> Task material
-=-=-

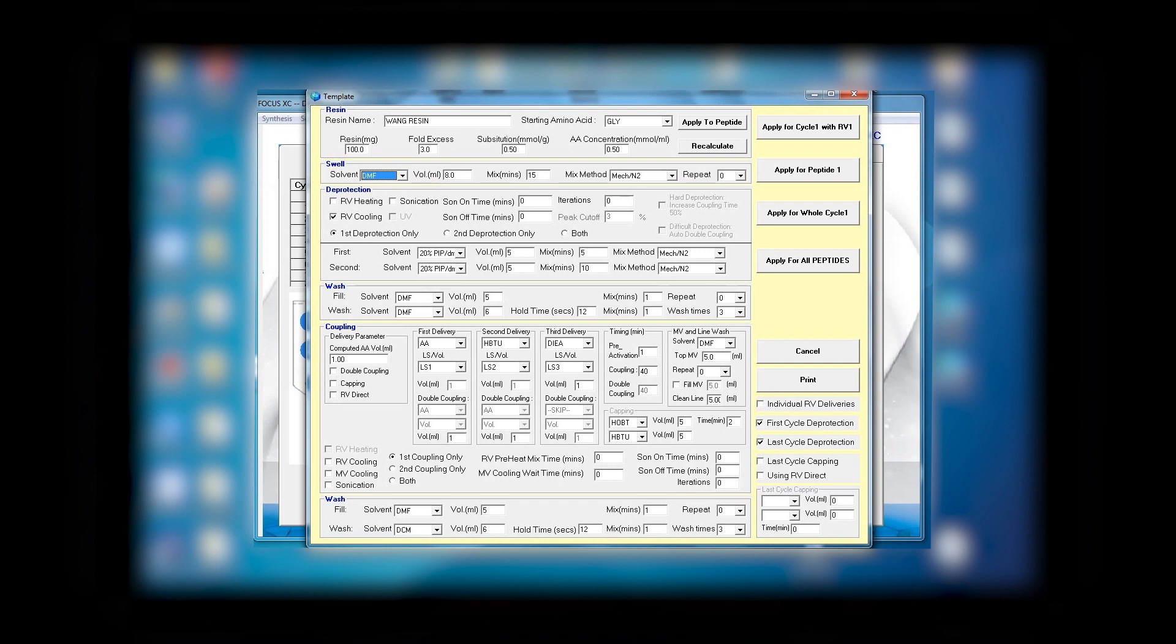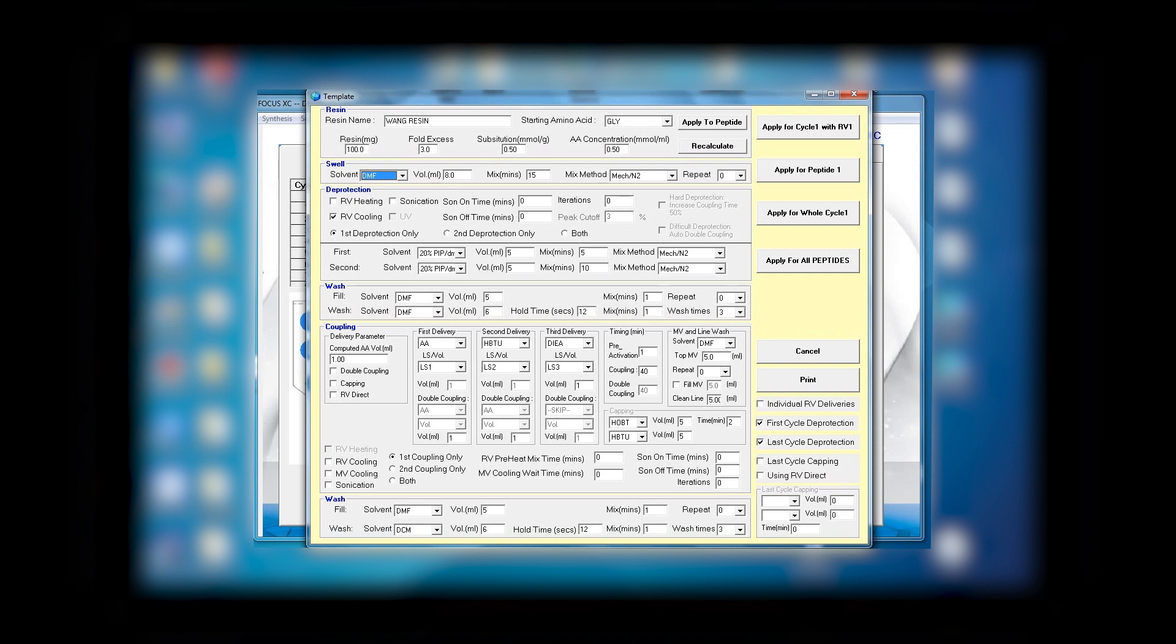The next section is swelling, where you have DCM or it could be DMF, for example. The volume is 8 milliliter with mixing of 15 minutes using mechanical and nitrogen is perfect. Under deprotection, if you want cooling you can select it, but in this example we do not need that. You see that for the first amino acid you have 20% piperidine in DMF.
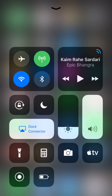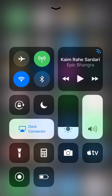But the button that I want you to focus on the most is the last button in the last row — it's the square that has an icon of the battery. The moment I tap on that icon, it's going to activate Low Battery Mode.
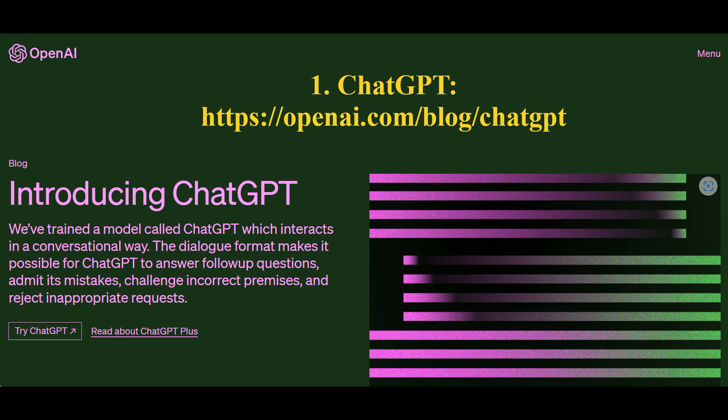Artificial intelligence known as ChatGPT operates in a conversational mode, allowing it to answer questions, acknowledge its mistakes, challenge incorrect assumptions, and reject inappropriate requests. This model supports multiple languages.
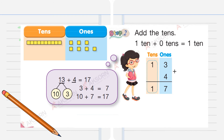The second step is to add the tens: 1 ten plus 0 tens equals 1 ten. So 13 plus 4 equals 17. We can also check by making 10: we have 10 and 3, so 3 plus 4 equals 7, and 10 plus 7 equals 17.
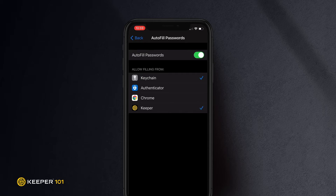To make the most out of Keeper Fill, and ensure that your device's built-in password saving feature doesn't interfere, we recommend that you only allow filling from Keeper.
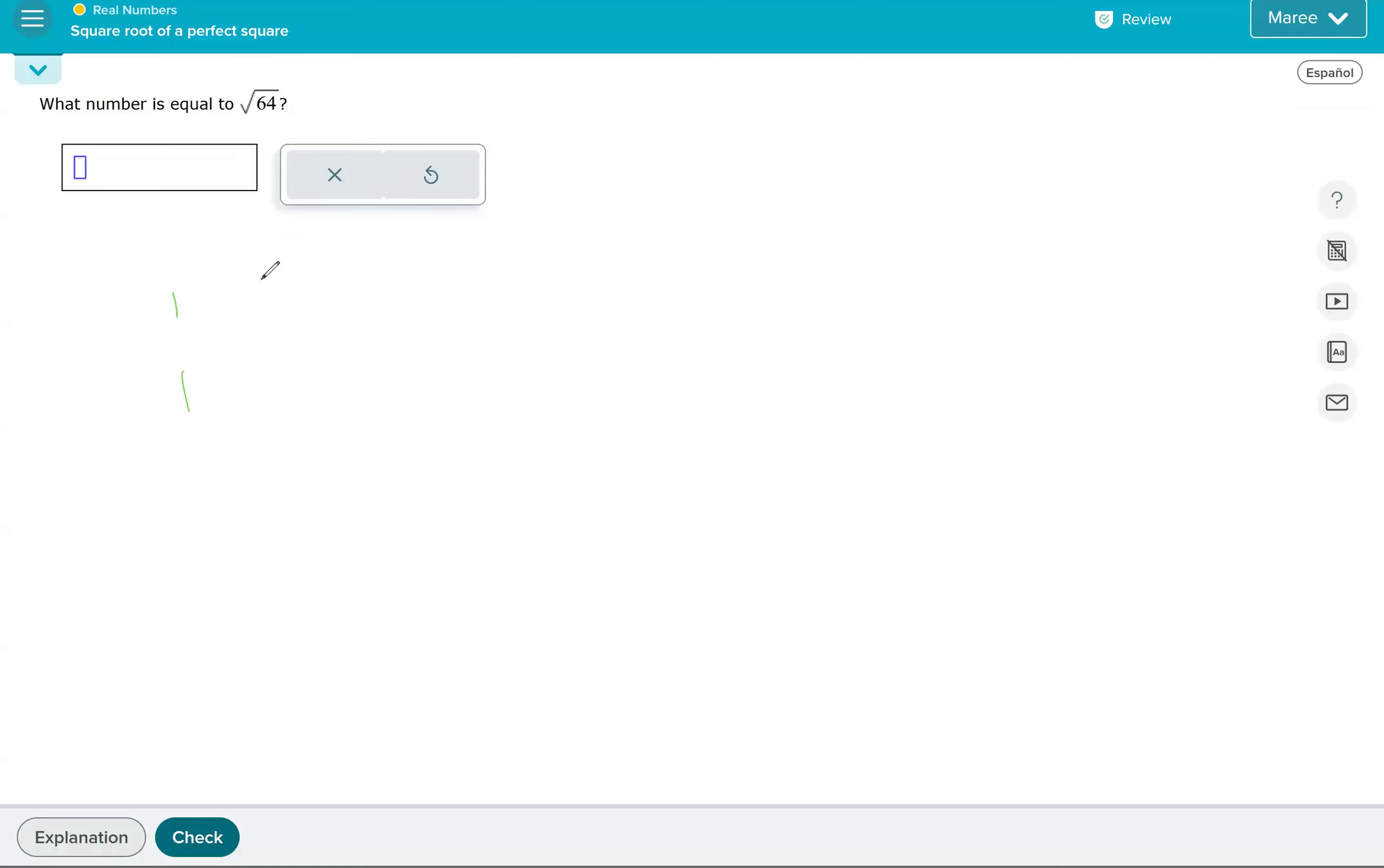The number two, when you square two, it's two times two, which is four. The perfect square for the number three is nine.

-=-=-

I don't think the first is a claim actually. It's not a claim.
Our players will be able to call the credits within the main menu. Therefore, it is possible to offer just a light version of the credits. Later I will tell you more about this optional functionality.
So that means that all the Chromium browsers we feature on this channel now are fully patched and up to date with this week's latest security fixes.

-=-=-

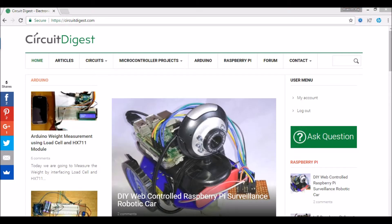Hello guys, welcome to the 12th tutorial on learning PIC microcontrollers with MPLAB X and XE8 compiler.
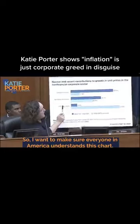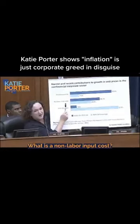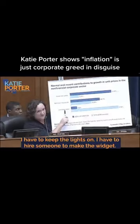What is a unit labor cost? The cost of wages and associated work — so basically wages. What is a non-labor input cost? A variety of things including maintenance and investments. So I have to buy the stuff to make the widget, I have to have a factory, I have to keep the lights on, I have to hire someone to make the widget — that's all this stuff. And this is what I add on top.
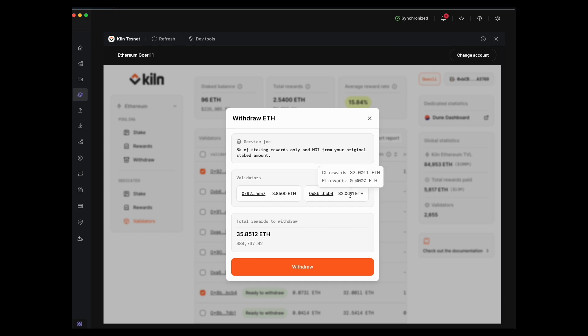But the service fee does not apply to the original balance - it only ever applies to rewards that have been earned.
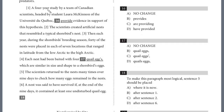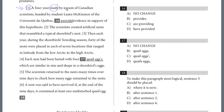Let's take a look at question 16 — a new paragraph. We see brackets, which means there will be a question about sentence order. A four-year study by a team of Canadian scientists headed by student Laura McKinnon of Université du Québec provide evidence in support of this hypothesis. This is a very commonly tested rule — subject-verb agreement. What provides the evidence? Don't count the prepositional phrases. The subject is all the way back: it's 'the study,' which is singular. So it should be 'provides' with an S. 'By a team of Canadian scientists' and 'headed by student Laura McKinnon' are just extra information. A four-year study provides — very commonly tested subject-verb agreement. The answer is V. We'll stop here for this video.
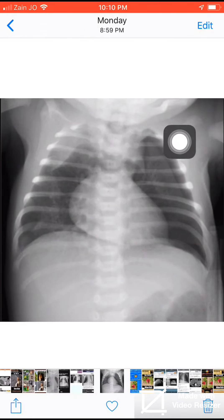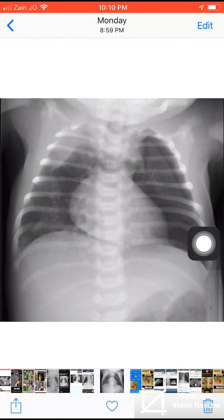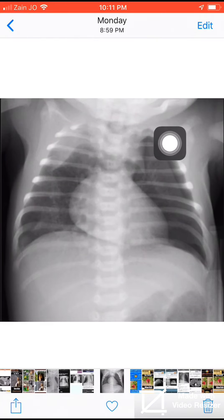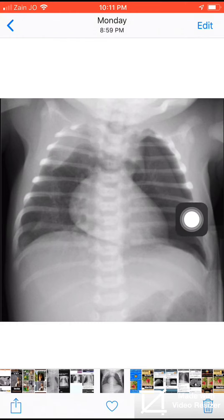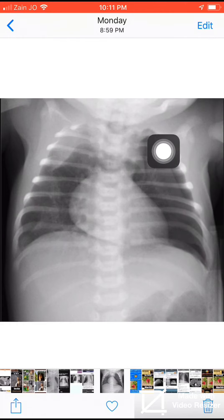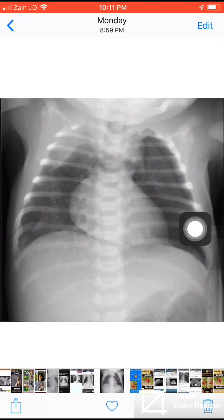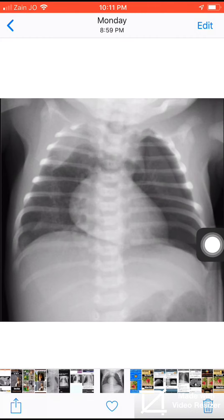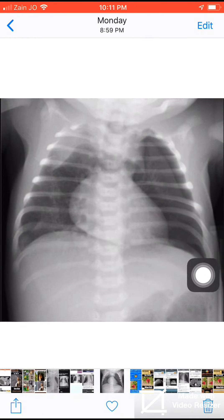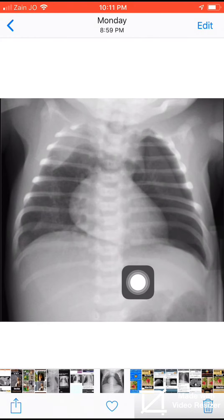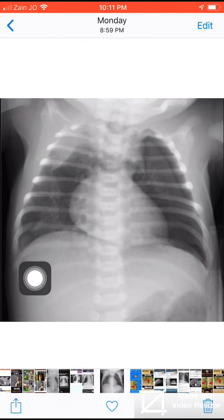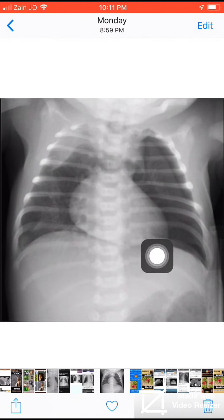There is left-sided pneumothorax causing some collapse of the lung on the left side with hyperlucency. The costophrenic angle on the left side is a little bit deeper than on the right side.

-=-=-

Taking the records above, print only and exactly the lines from the line with "The second step" to the line with "The number two, when", both kept, and exclude pictures.

> Task output
The second step is to add the tens: 1 ten plus 0 tens equals 1 ten. So 13 plus 4 equals 17. We can also check by making 10: we have 10 and 3, so 3 plus 4 equals 7, and 10 plus 7 equals 17.
To make the most out of Keeper Fill, and ensure that your device's built-in password saving feature doesn't interfere, we recommend that you only allow filling from Keeper.
The number two, when you square two, it's two times two, which is four. The perfect square for the number three is nine.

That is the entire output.